=== Dataset entries ===
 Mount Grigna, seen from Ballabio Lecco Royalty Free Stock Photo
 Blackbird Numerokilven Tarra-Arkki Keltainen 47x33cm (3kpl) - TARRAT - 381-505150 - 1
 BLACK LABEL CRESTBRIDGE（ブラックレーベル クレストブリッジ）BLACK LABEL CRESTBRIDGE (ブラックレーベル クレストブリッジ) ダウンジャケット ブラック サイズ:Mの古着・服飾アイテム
===
=== Dataset entries ===
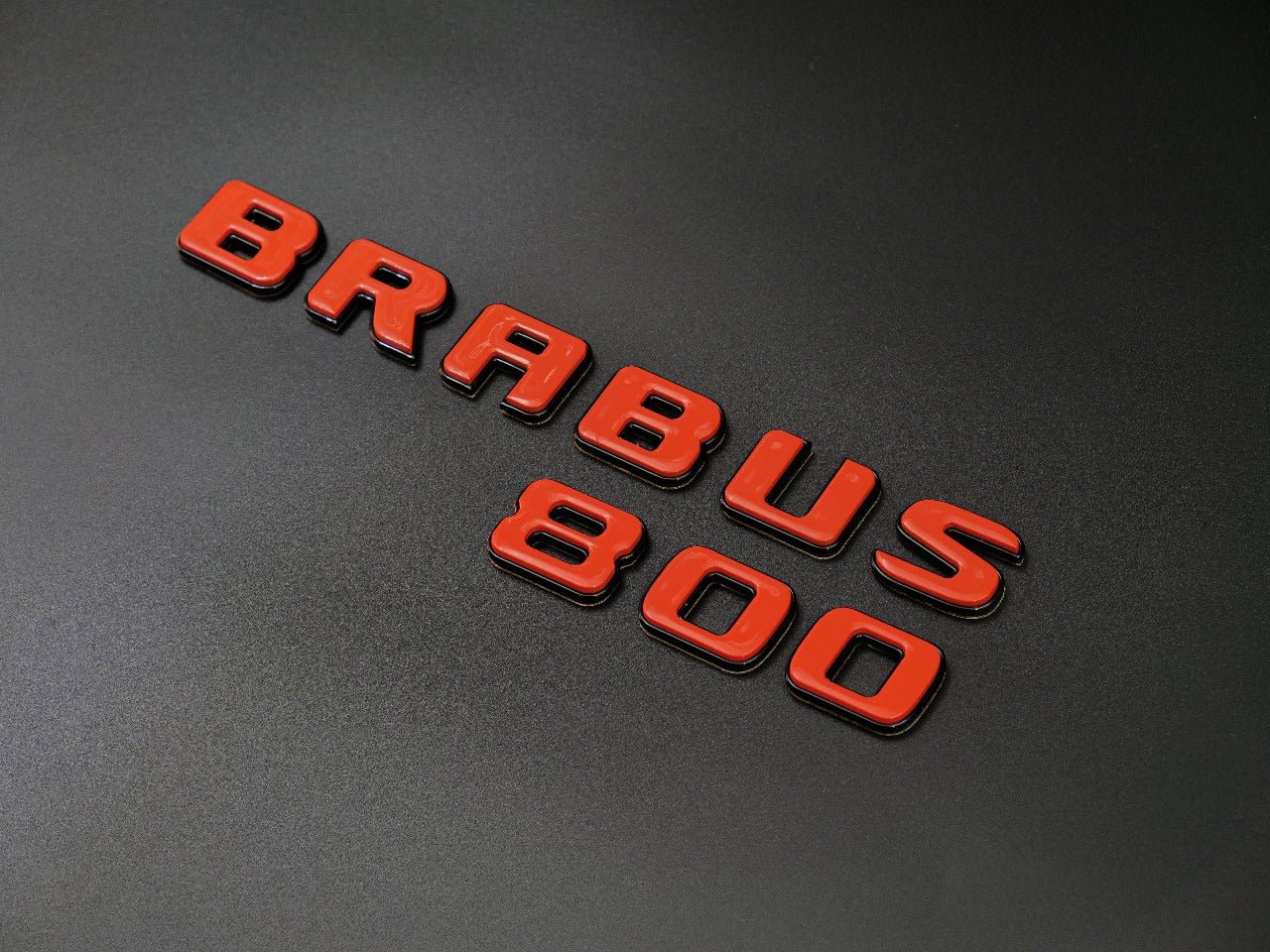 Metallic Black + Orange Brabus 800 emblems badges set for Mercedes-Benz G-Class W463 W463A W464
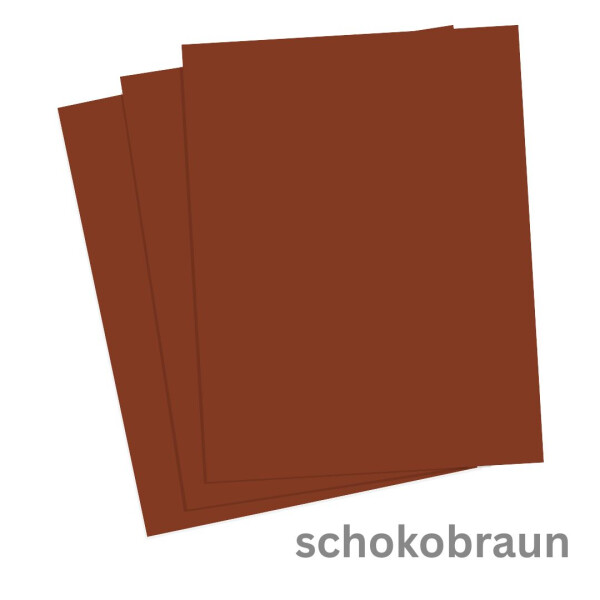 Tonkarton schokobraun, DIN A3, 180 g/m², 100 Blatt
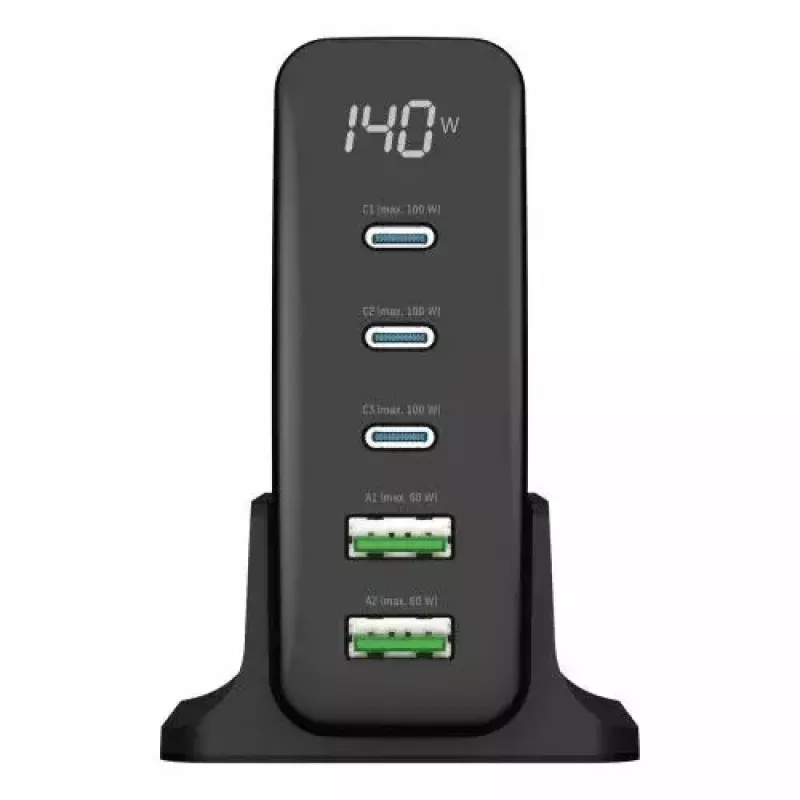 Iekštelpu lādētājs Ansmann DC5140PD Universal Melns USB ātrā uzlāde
===
Exercise brief
Look above for the line containing "Mount Grigna, seen" and the line containing "BLACK LABEL CRESTBRIDGE（ブラックレーベル". Transcribe both, with the lines between them, exactly.

Answer to this task
 Mount Grigna, seen from Ballabio Lecco Royalty Free Stock Photo
 Blackbird Numerokilven Tarra-Arkki Keltainen 47x33cm (3kpl) - TARRAT - 381-505150 - 1
 BLACK LABEL CRESTBRIDGE（ブラックレーベル クレストブリッジ）BLACK LABEL CRESTBRIDGE (ブラックレーベル クレストブリッジ) ダウンジャケット ブラック サイズ:Mの古着・服飾アイテム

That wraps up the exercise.